Green threw two scoreless innings without giving up a hit. Here are seven other non-pitchers who have taken one for the team this season.
With the Dodgers being blown out of Busch Stadium in a July 27 game against the St. Louis Cardinals, seasoned utility man Mark Loretta offered to coach Larry Bowa to get the last out of the eighth inning.
Manager Joe Torre agreed, and the 38-year-old Loretta made the second pitching appearance of his career.
After immediately hitting Matt Holliday on the foot, he retired Ryan Ludwick in two pitches.
Out of relievers in a marathon, San Diego Padres manager Bud Black called for backup shortstop Josh Wilson to pitch the 18th inning in a June 7 game against the Arizona Diamondbacks.
Wilson would not be as lucky as his counterpart Green, however, as he served up a game-winning three-run bomb to Mark Reynolds and took the loss.
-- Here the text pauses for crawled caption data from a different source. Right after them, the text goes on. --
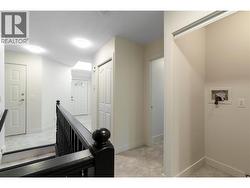 Closet in hall that has laundry hook ups -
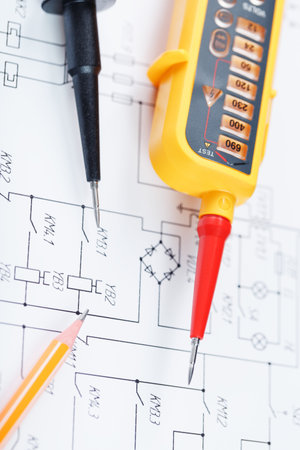 Yellow voltage indicator in close-up on the electrical diagram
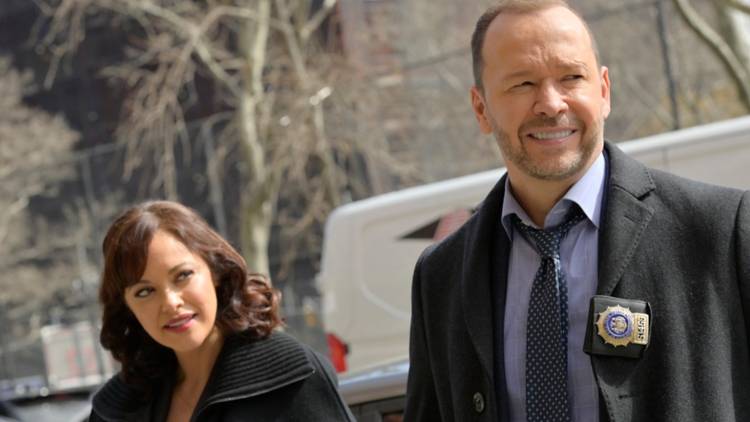 Donnie Wahlberg as Danny and Marisa Ramirez as Baez on the street in Blue Bloods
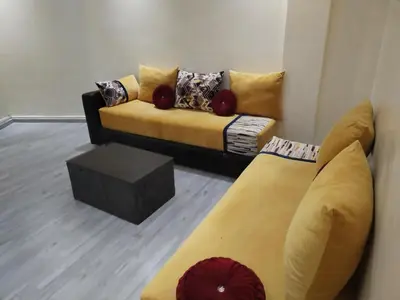a living room with a couch and a table at Sense housse in Rabat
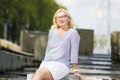 Portrait of Mature Middle Aged smiling Blond Woman Wearing Spectacles Posing Outdoors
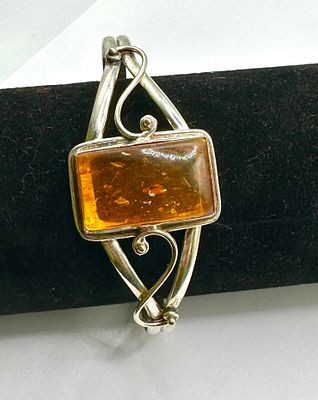 A Baltic Amber and 925 Silver Cuff Bracelet. An open-cuff bracelet crafted from 925 silver 
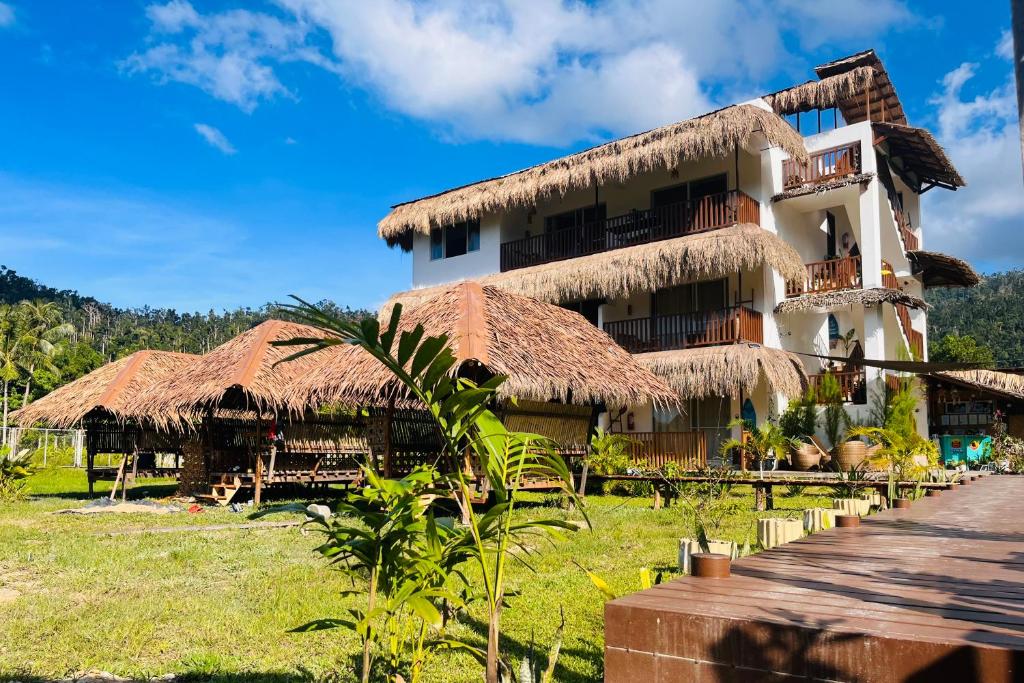 a hotel with thatched roofs and a grass at La Palapa Inn Port Barton in San Vicente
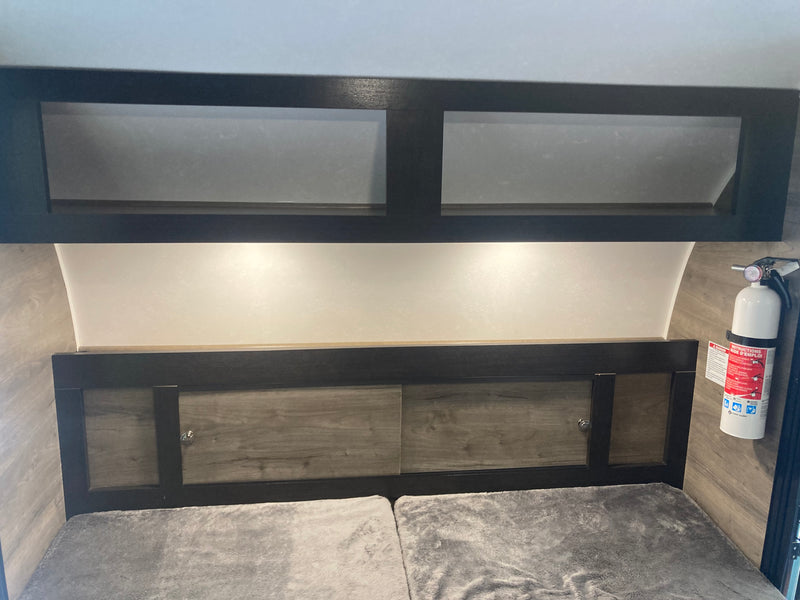 This RV rental features a comfortable bed, convenient overhead storage cabinets, and essential safety equipment like a fire extinguisher. — photo 6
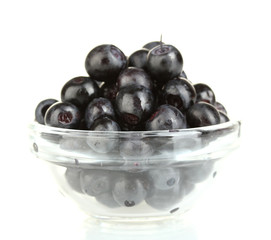 Transparent bowl with ripe blueberries isolated on white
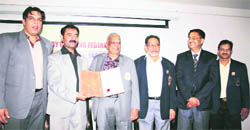 Indian Bodybuilding Federation director Amit Swami with the award at Amravati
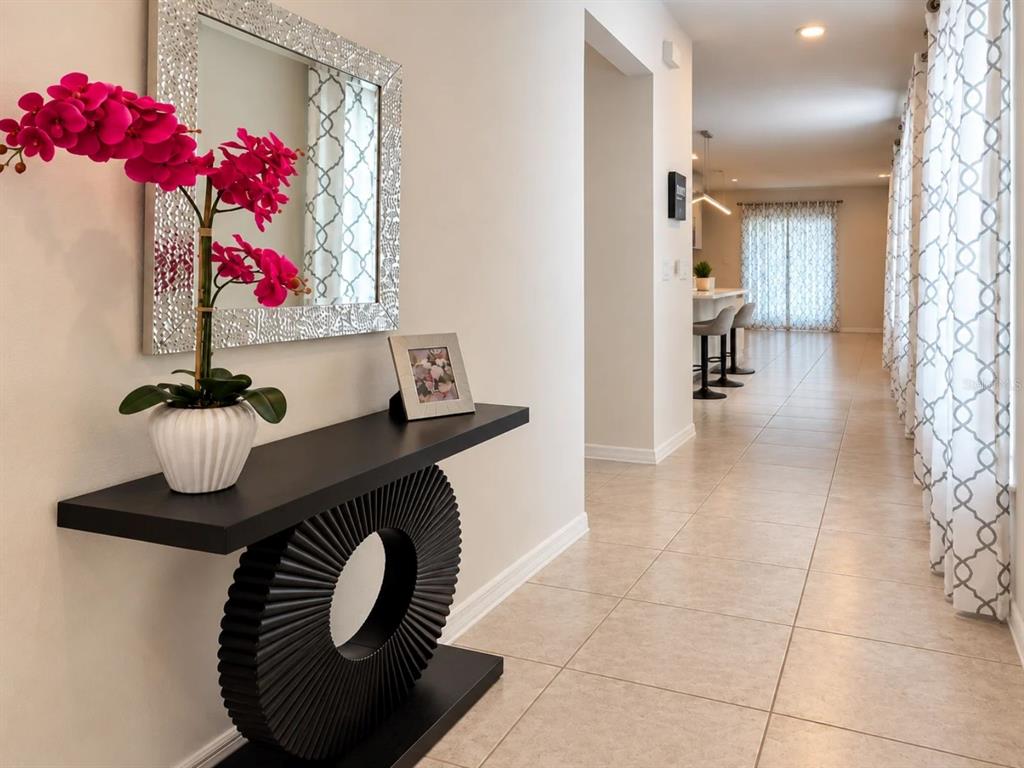 A laundry room features a white washer and dryer, a window, and a wire shelf — 5539 MADDIE DRIVE, HAINES CITY, FL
Later in the season, Wilson was traded to Seattle.
The Florida Marlins were losing 15-1 at home to the American League champion Tampa Bay Rays on May 27, so first baseman/outfielder Ross Gload took the rubber.
Despite walking two, he pitched a scoreless ninth inning and saved the Marlins' pen from further exhaustion.
The Reds' bullpen was taxed on May 6, so with his team down 10-3 to the Milwaukee Brewers and not wanting to exhaust his relievers further, manager Dusty Baker switched shortstop Paul Janish from his regular position to the pitcher's mound.
While the move saved the 'pen, the Reds' first position player to pitch in 11 years did not exactly have a stellar outing. He gave up five runs in the ninth inning.
Before facing Gload, the Rays were up 14-0 on the Red Sox on Apr. 30, when Matt Garza nearly threw a no-hitter.
Rather than go to his bullpen, Terry Francona put reliever Javier Lopez in right field and had the man who previously had that position, Jonathan Van Every, pitch out of the inning.
Van Every let an inherited runner score, but didn't allow a run to touch his ERA.
Gload was actually the second Ross to pitch for the Marlins this season. On Apr. 26, the Fish trailed 13-1 and were one inning away from being swept at home by the world champion Phillies, so manager Fredi Gonzalez called in an outfielder with the last name Ross, first name Cody.
His ERA remains untouched as he did not give up a run in the final inning of the series.
Prior to facing both Gload and Van Every, the Rays faced the first and most notable example of a position player throwing to hitters this season. As they led the Yankees 15-5 in their Apr. 13 home opener that honored the pennant-winning team of 2008, Bombers' manager Joe Girardi moved Nick Swisher from first base to the rubber.
Despite early trouble, Swisher pitched out of a jam to throw a scoreless eighth inning. White Sox fans joked that they got schooled on a trade that sent Swisher to the Bronx in the offseason, in that he could have been converted into a pitcher.